Is that all? Well, yes, but it must be understood that we already have several parameters to juggle with.
Confit Cooking Method
The first parameter is temperature, a factor of considerable importance. We often see confit recipes being placed in an oven at 160 °C, but this is totally wrong. In fact, this cooking method requires a lower temperature, somewhere between 85 and 95°C, according to the type of ingredient we are dealing with.
On one hand, this prevents the food from frying, when also using fats (more about that later), while on the other hand, when the right temperature is applied, we obtain a perfect result which preserves aroma and flavour intact.
As mentioned above, to make this happen, there must also be some liquid. There is no general rule regarding the best sort of liquid for confit recipes. Usually, syrup is preferred for fruit, and fats - such as olive oil - are chosen for vegetables and meats. At this point, many of you will have formed the idea that confit dishes are for serving straight away, but this is only partially true. What makes confit so special, in fact, is that it lends itself – as its name suggests – to making preserves.

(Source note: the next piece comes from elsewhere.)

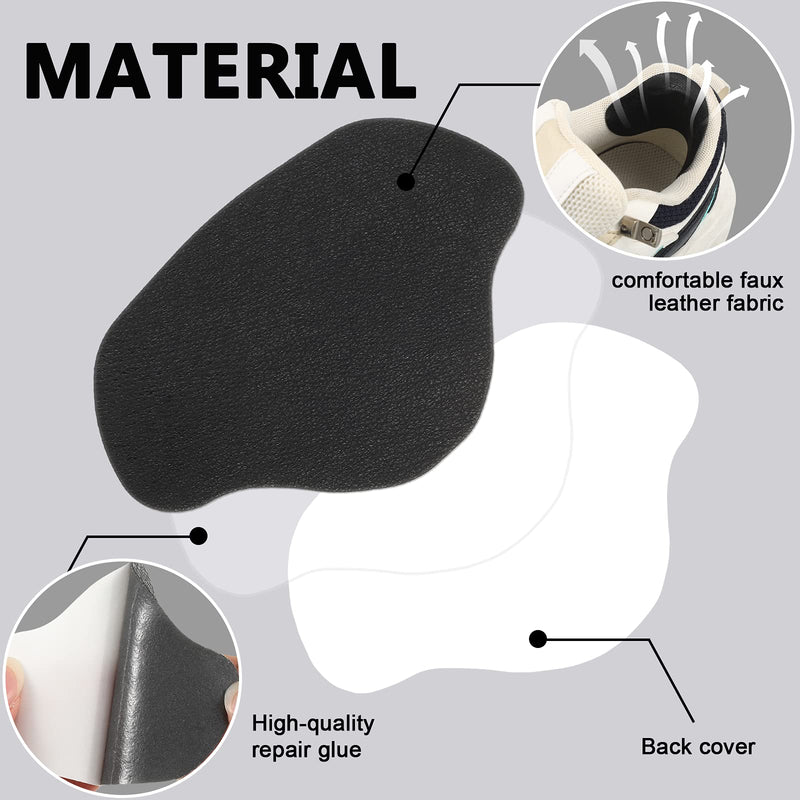 Boyiee 8 Pairs Shoe Heel Repair Patch Kit Shoe Sneaker Hole Repair Patch Self-Adhesive Shoe Heel Wear Hole Prevention Patch Insert for Most Types of Shoes and Seats, Large and Small - BeesActive Australia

Therefore, we can choose whether to serve up the fruits of our work immediately or to cover them in their cooking liquid and store them in the fridge for days or weeks. It may surprise you to know that many confit recipes are appreciated all the more for being preserved at length. The legendary confit duck leg is a perfect example, when carefully preserved in a jar after cooking.

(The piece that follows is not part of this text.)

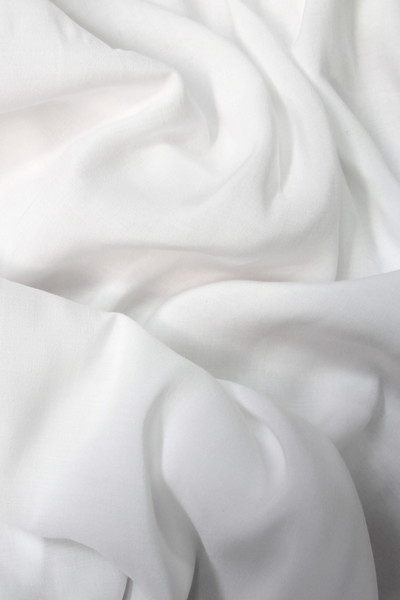 Winter White Plain Rayon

The best ingredients for Confit Recipes
How to get them so tender and tasty, while preserving all the meaty flavours? It is here that temperature comes into play. You are well aware that, when in contact with high temperatures, the water content of food will evaporate and if immersed in fat, a great quantity of bubbles will be released.

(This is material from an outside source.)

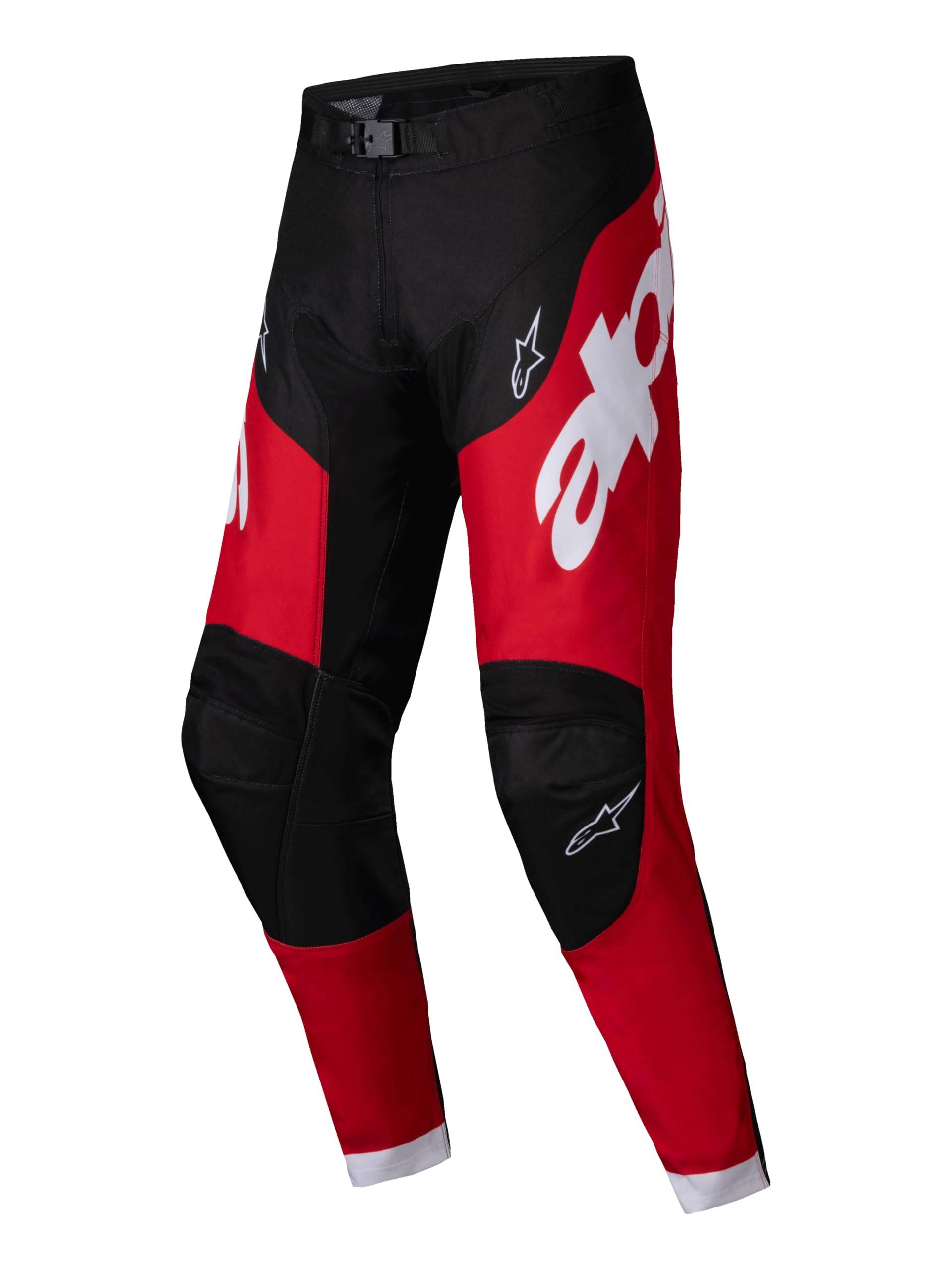 Alpinestars 3720425-1303-38 Racer Veil Pants Black/Bright Red 38 von Alpinestars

When using the confit method, this effect must be avoided, partly because you need to retain the moisture contained in the food and partly because you wish to avoid the well-known Maillard reaction.
Of course, we like the flavour it creates but, in some cases it alters the original taste of the ingredient. For this reason, despite covering the food entirely with the chosen liquid, we are going to work at a temperature of around 120 °C, so that the main ingredient will never exceed 95 °C. In this way, the collagen melts and the meat cooks without going dry.
Compared to frying, we need to prolong the cooking times: for chicken and duck legs, the best meats for confit recipes, we are talking about three hours, which is why you will need a meat thermometer, a sous vide cooker or a slow cooker. Furthermore, I advise you to use duck fat instead of oil.
And what about cherry tomatoes? I often see confit tomatoes cooked in an oven. If you wish to adopt this method, it is important to moisten them well with a mixture of oil, salt, pepper and a spoonful of brown sugar. Then pop them in the oven for two hours at 130 °C, until the skin is almost burnt. Alternatively, cover them in this mixture and slow cook the traditional way at 120 °C.